With its grand state rooms, magnificent staircases and French style interiors the National Trust’s Petworth House proved the ideal location for several scenes in Scott’s new epic. Transforming the house into an authentic setting for such a large and fast-moving production was an exciting challenge for the team at Petworth.
Napoleon is a spectacle-filled action epic that details the checkered rise and fall of Napoleon Bonaparte, played by Oscar winner Joaquin Phoenix. Rather than rely on constructed sets and CGI to set the scene, Ridley Scott and his team chose wherever possible to find real locations that could double for the palaces and stately homes that were the backdrop to Napoleon’s life.
Production designer Arthur Max found many of these in the UK: “There is enough neo-classical architecture in England to make it possible, probably because a lot of the design that comes out of France and England is based on Italian classic Palladian architecture.”

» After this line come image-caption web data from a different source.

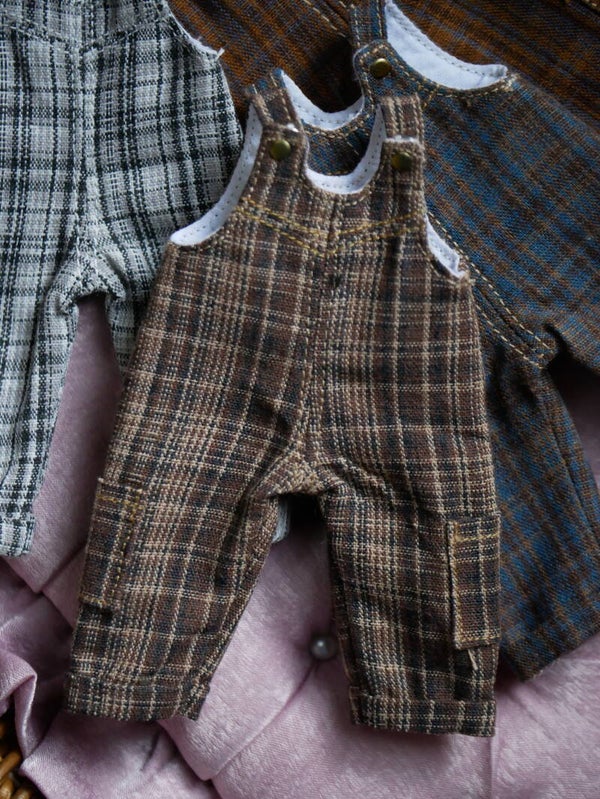 Handmade Plaid Overalls for Monst/ Moki 20 cm BJD Dolls./ 03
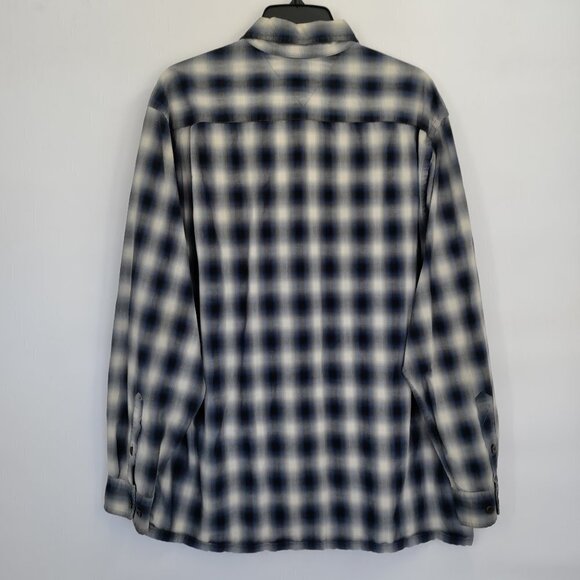Tommy Hilfiger Plaid Button Down Collar Neck Tee Long Sleeve Shirt Top Large Men - Picture 2 of 9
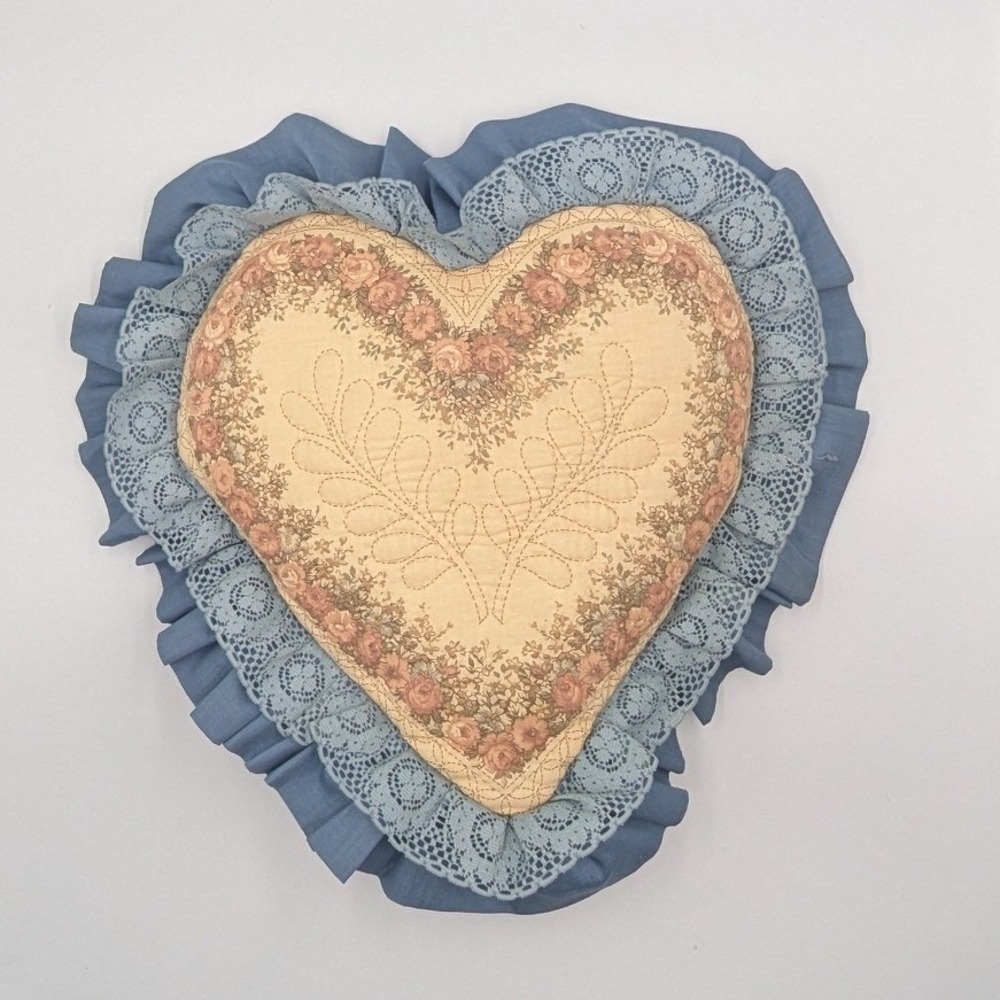 Vintage Cottagecore Heart Throw Pillow Blue Floral Quilted Lace Ruffle 15in 90s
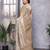 Ivory shimmer chiffon butta embroidery work bollywood saree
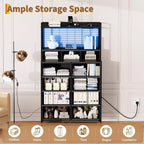 Commode en tissu à 11 tiroirs avec station de charge intégrée, tour de rangement industrielle pour chambre à coucher et salon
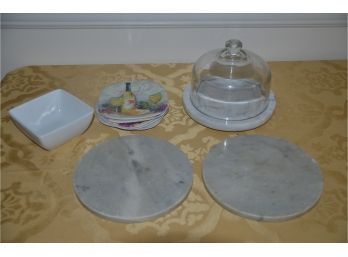 (#32) Marble Cheese Plate (2) Plastic Appetizer Plates, Ceramic Bowl
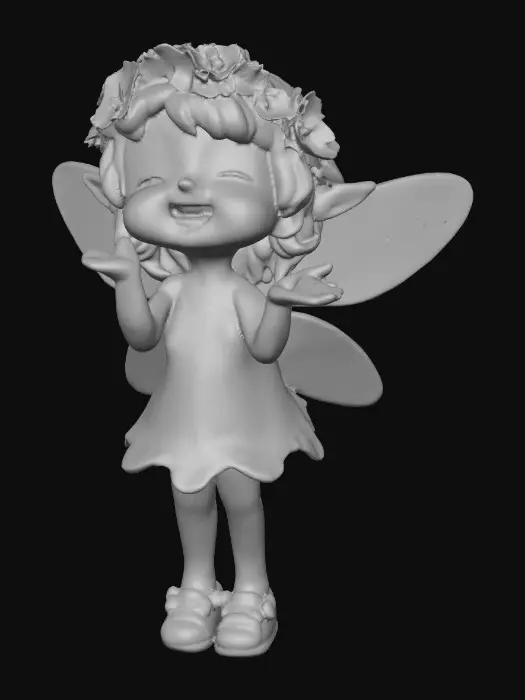 3D model for An adorable chibi cartoonish fairy sprite wearing a crown of tiny flowers. Standing on a round slice of natural wood. The fairy has head back laughing out loud. Suitable for 3d model printing.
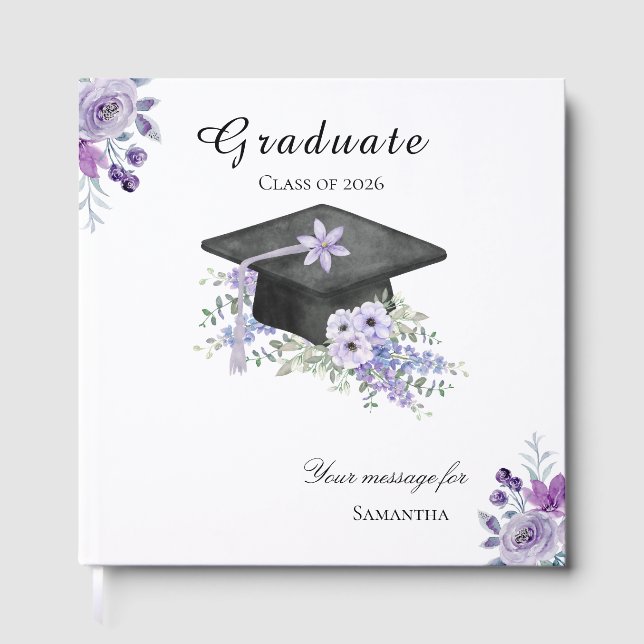 Watercolor lilac Purple Floral Graduation Guest Book (Front)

The production team fell in love with Petworth House because its features are more typically French in style than English, with large state rooms and items in its collection that reflect many generations of its inhabitants’ taste in the objects and architecture of continental Europe. Petworth House offered the authentic look and feel for several key moments in the film.
After two weeks of preparation, filming took place over two days at Petworth House in March 2022, with thirteen of the principle cast members on set, including Joaquin Phoenix and Vanessa Kirby, and 120 supporting artists and 200 crew. It was by far the biggest production ever to take place at Petworth.
The pivotal Victim’s Ball scene where Napoleon meets Josephine for the first time was filmed in the Beauty Room, Marble Hall, Carved Room, Little Dining Room and Grand Staircase. The Red Room and Square Dining Room were also filmed in the background of these scenes, filled with dozens of extras to add depth to the frame.
Visitor operations and experience manager Sue Rhodes said: “It was astonishing to see the Victim’s Ball being filmed. Part of it was done in one shot, with the camera moving through many rooms, all dressed for the period and atmospherically lit. The house looked gorgeous, much as it would have when it hosted balls and events like this hundreds of years ago.”
The Square Dining Room doubled for artist Jacques-Louis David’s studio where Napoleon’s coronation portrait was painted, and the Marble Hall was used for a meeting between Napoleon and his generals, which can be glimpsed in the film’s trailer. An important aspect of the shoot was the extensive amount of production design required. While all the scenes were pre-planned with storyboards, Ridley Scott and his cinematographer Dariusz Wolski would decide where to position the camera when they were on location, which meant every corner of each room had to be prepared and ready to be on camera. The two days of filming therefore required seven days of dressing the house.
“Despite the challenges of such a huge production” Sue Rhodes explains “it was a fascinating experience, and the cast and crew were incredible. So professional, and very respectful of the house. Ridley Scott was particularly impressed with our art collection!”
From November 25 to January 1, visitors to Petworth House will be able to see the Marble Hall, Carved Room, Little Dining Room, Red Room and Square Dining Room beautifully decorated for Christmas. The income generated from the production will directly help care for Petworth’s collection and park, as well as enabling several conservation projects in the future.